The USDA Forest Service issued an Organic Act permit in summer 2021 for relocating a site identified in the mid-1980s, when Northwestern University archaeologists were commissioned to survey several hundred acres around the Joliet Army Ammunition Plant — where Midewin National Tallgrass Prairie was later established — in response to proposed land use changes. The material they identified at that time suggested pre-European Native American presence spanning thousands of years.

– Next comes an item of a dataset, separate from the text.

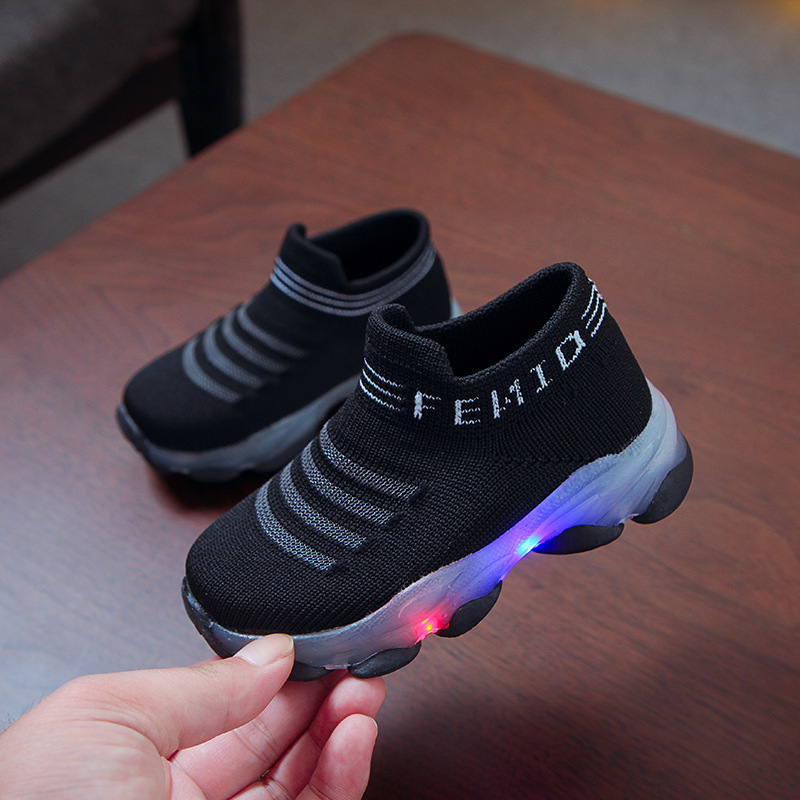 Kids Sneakers Children Baby Girls Boys Letter Mesh Led Socks Sport Run Sneakers Shoes Light Up Shoes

In their report, the archaeologists described the site as a “highly significant cultural resource” with “deep deposits of lithic and ceramic material at high density in a well-preserved context.”
“Based on the archaeological materials collected during the initial survey, the site seems to have been occupied shortly after A.D. 1,000 during the time when local hunting and gathering groups were experimenting with horticulture and settling down into more permanent villages,” Parkinson said.
The Forest Service hopes to utilize data from the project to inform and refine strategies to advance the objectives of the Illinois Land Conservation Act, which established Midewin National Tallgrass Prairie in 1996. Key priorities include restoration of natural tallgrass prairie and protection of important cultural and historical resources.
“The research we propose will help us build a micro-regional narrative about how native groups interacted with this landscape as they converted from mobile hunters and gatherers to sedentary farmers,” Hendrickson said. “This is the first step in building a longer narrative about human-landscape interaction in the region.”
The project team will resume investigations at Midewin National Tallgrass Prairie in spring 2022 and will continue to assess potential for a long-term multidisciplinary research project.